This Census-Taker(27)



She looked taller and underfed and much older to me. She looked drawn so far from the bridge. But she smiled, and it was not too wary, and she waved me down to where she waited.

I thought of the jackal slinking away from our reunion. But I still couldn’t move my feet further down the hill, so I raised my arms and, deciding she could overcome herself, beckoned her urgently in turn to come up a little more.



Another twenty steps for her and she struggled as if there wasn’t enough air.

I whispered, “See?”

When she reached me, first she shook my hand as if we were adults, and I liked that. Then she hugged me in a rough way, hesitated and did it again, so hard I let out sounds.

“You’re here!” I said into her clothes. “How did you know to find me?”

“I heard something,” she said. Her voice was sluggish. “There was a shot. Right near here. I thought that might mean something. I got thinking you might come down.”

She was lying. She must have been here when the shot came to know it had been close, which meant she’d been there a long time. I suspected then that she’d been up night after night, as far as, according to the constraints she’d laid, she was able, to wait and hope to find me. I’d come at last.

She shivered on the rocks and spread a blanket on the dirt for us and sat me down beside her. She had food for me. Sugary brittle. Vegetables you could eat raw. I gnawed them.

Eventually I said, “That boy said Drobe was gone.”

We stopped eating. She didn’t look stricken. She didn’t look anything except calm and unhappy. “People go,” she said.

“Why did he go?” I said. “He’d never just go.”

“I don’t know,” she said. “He didn’t come by you? I thought he’d come for you. What if he did, though? Maybe he tried.”

I heard sniffing: our hungry watcher had come back with a companion, it sounded like. We weren’t frightened.

“You know,” Samma said. “Maybe he did. Maybe he just went.”

Boys and girls might become more solitary thieves. They might find a way or a person with whom to become some sort of adult. They might antagonize the wrong someone and disappear.

“Maybe it was the police,” she said. “He kept telling them to take your father. Maybe they took him instead.”

“What about his friend?” I said. “He was waiting for someone in the picture-house. Not just you, I mean. Someone not from the town.”

She inclined her head.

“When we went back to that hall,” she said, “when your father took you, someone had been there and took everything away except what Drobe had.” I remembered him holding that sealed packet we couldn’t read.

“You know everyone in the bridgetown,” I said. “Who did it?”

“I don’t know. I never saw Drobe’s friend, either, the girl he told you about.” She paused. “Whoever it is has come to town now, they find you, you can’t find them—.” Her voice was low.

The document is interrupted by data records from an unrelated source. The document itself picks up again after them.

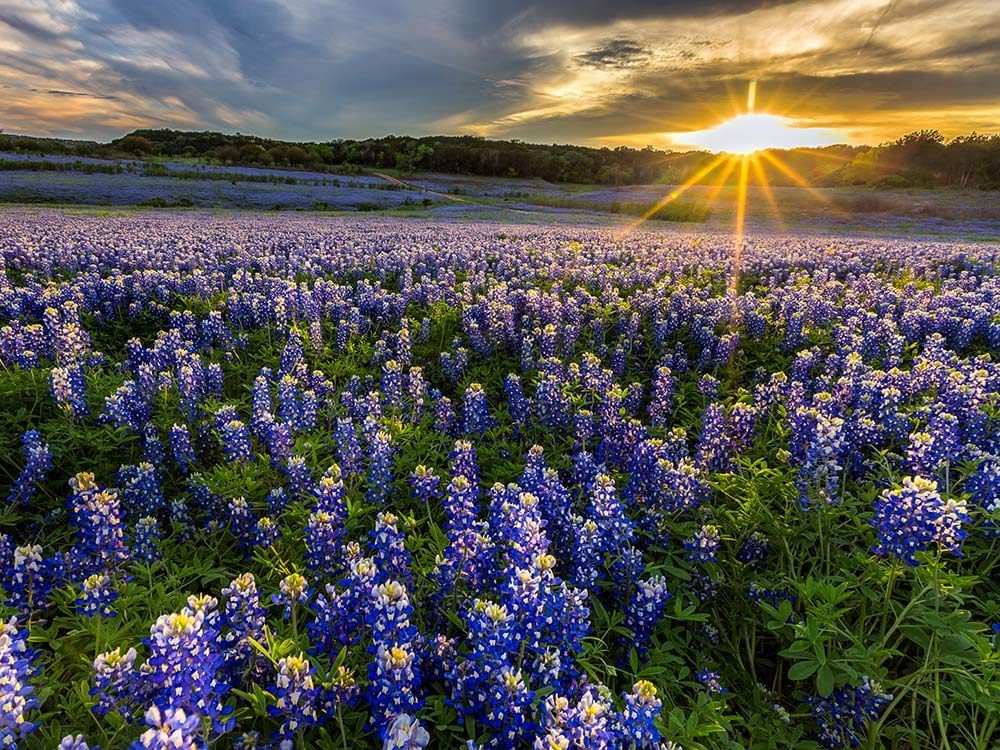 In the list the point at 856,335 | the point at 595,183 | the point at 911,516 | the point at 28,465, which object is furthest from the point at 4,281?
the point at 595,183

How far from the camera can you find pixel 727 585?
3.34m

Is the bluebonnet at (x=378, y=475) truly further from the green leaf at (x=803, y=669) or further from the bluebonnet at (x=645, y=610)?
the green leaf at (x=803, y=669)

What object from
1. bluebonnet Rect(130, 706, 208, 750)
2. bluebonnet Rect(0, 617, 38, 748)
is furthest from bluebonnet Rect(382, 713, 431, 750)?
bluebonnet Rect(0, 617, 38, 748)

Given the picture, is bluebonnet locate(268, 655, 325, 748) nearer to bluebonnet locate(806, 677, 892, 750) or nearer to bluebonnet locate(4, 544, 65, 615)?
bluebonnet locate(4, 544, 65, 615)

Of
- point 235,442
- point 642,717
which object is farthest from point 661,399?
point 235,442

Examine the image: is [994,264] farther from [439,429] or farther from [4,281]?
[4,281]

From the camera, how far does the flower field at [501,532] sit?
228 centimetres

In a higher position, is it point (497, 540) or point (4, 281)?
point (4, 281)

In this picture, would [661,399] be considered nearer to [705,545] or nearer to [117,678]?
[705,545]

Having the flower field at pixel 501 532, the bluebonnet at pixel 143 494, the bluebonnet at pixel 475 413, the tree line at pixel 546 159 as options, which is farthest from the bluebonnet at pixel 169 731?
the tree line at pixel 546 159

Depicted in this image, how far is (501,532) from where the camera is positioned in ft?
9.34

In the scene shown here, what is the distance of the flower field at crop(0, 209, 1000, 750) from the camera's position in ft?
Answer: 7.48

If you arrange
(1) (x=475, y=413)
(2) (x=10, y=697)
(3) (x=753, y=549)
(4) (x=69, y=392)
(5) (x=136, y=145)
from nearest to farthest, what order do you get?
(2) (x=10, y=697) < (3) (x=753, y=549) < (4) (x=69, y=392) < (1) (x=475, y=413) < (5) (x=136, y=145)

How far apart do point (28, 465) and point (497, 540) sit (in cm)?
360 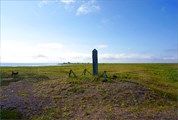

She looked away from me. “I can’t come back for a bit,” she said.

I didn’t answer. Just watched her and tried not to let my lips quiver.

She told me she had the others to think of too, especially now. “It ain’t like I could keep coming back,” she said as if I was arguing with her. “And it ain’t like Drobe’s coming back.”

She gave me a knife with a blade that folded into its handle. “If he comes for you,” she said. She stabbed the air to show me.

She told me a few quick stories.

“I wanted to give you those papers,” she said at last. “The ones Drobe found.”

“Why?”

“You can read, can’t you? But if he still had them he must have took them with him.”

She hesitated. She eyed me and I persuaded her to say whatever it was that I could tell she wasn’t sure whether to say.

“There was a woman,” she told me. “Or a girl.”

Days after Drobe had gone, days since she’d seen him. Late in the evening, Samma standing looking out of the window of her second-favorite bridge-top house as if to discern where he’d gone. She’d fallen back in shock as a face swooped in to stare at her from the dark.

“She was like shadow herself,” Samma said. “She whispered something. It was hard to understand her. She had a young voice. I think she wasn’t older than me, or not by much.”

“Was it a ghost?” I said. Samma shrugged.

“What did she say?” I said.

“Like I say, it was hard to tell. I don’t even think she was looking at me.” In turn Samma did not look at me; her eyes were fixed in recollection. “Like she was looking behind me into the room for someone else. None of the others saw her. She sounded proper upset. I think she said, ‘Where is Drobe? Where’s the repeal?’ Then she was gone and I don’t even know,” she said.

Samma took a big bottle from her bag. She gave it to me. I could barely lift its green glass.

“He left that,” she said. “Drobe went to get it then left it. I think it’s for you.”

In the bottom of the bottle was a scaly scrap and discolored and broken animal bones.

Samma gave me a fast and surly hug without looking at me. I wanted to say anything to her, anything so she’d stay longer. I felt sorry for her as well as for me and, all over again, I didn’t want to be alone on the hill with my father. But I couldn’t stop her.